__HOW TO COMPLETE THIS TASK__. From the line with "Foto: Woman waiting" through the line with "Visite virtuelle disponible, Maison", inclusive, return each line of the data below exactly and leave the rest out.
** Opening DATA RECORDS block **
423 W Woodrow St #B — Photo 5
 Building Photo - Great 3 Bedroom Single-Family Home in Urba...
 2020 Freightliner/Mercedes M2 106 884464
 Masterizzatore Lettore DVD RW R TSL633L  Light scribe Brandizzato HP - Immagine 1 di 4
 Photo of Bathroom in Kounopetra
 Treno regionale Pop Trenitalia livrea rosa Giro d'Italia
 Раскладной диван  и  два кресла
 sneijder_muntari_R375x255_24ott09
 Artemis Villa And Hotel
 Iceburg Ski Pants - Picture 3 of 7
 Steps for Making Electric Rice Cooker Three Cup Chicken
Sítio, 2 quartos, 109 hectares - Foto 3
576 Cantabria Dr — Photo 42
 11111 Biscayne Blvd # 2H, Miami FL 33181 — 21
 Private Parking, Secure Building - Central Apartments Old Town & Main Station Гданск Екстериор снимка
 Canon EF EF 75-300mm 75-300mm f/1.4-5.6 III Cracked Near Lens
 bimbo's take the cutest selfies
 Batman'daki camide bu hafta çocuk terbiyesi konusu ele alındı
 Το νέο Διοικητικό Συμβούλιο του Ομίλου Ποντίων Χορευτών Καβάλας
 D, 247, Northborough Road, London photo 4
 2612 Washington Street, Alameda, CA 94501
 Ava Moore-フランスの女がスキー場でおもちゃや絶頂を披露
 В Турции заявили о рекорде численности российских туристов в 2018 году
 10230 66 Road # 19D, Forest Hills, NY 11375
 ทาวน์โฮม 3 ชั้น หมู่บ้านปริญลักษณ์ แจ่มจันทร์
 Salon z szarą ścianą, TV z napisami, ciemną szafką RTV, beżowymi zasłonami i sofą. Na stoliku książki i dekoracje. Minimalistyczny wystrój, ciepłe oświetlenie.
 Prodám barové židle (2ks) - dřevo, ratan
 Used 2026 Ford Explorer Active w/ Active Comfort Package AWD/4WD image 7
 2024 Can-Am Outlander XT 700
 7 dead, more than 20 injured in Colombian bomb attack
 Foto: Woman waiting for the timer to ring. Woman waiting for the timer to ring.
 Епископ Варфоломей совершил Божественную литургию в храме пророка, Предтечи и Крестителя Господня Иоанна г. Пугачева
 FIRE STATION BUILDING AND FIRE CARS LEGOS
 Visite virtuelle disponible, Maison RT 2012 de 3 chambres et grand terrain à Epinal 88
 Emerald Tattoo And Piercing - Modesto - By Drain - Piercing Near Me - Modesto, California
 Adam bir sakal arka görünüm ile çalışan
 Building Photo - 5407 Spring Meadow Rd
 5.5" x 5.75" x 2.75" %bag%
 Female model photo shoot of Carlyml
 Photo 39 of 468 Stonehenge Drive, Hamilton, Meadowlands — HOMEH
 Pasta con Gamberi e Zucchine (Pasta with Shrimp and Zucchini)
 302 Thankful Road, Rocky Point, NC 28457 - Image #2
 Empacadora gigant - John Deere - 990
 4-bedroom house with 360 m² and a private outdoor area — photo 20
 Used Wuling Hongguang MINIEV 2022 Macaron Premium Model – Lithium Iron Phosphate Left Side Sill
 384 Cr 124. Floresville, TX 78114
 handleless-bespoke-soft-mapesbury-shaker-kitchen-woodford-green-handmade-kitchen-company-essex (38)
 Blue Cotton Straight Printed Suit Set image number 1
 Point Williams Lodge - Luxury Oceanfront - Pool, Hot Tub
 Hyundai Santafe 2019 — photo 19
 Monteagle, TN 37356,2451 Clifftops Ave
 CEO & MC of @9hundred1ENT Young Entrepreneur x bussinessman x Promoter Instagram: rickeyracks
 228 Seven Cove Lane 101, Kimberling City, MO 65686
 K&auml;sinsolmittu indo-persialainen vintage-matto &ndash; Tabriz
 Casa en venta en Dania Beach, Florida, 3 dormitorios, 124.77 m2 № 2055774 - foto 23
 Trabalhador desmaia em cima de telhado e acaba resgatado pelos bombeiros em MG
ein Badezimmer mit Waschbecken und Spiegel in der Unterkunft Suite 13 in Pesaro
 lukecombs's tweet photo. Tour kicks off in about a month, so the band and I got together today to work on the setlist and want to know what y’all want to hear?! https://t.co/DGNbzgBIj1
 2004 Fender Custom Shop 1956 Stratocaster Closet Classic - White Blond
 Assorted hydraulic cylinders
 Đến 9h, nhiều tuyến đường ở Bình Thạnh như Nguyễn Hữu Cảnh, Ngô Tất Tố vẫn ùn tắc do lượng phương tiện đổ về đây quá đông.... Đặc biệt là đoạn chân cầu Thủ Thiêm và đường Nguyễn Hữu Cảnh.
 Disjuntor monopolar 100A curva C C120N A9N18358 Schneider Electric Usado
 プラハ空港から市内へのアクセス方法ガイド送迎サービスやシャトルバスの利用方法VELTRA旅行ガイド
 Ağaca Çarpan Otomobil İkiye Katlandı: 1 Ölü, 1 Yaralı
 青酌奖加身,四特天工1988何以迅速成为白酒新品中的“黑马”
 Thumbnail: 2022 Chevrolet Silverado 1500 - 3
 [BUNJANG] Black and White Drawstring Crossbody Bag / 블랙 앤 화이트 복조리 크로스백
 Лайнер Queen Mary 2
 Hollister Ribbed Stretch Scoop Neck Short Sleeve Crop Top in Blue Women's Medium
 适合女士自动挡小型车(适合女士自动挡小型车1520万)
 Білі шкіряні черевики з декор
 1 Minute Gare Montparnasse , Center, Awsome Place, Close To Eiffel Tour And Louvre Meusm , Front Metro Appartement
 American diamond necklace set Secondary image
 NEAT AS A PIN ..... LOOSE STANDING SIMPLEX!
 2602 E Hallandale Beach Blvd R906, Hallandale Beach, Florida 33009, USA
** Closing DATA RECORDS block **
__RESPONSE TO THIS EXERCISE__.
 Foto: Woman waiting for the timer to ring. Woman waiting for the timer to ring.
 Епископ Варфоломей совершил Божественную литургию в храме пророка, Предтечи и Крестителя Господня Иоанна г. Пугачева
 FIRE STATION BUILDING AND FIRE CARS LEGOS
 Visite virtuelle disponible, Maison RT 2012 de 3 chambres et grand terrain à Epinal 88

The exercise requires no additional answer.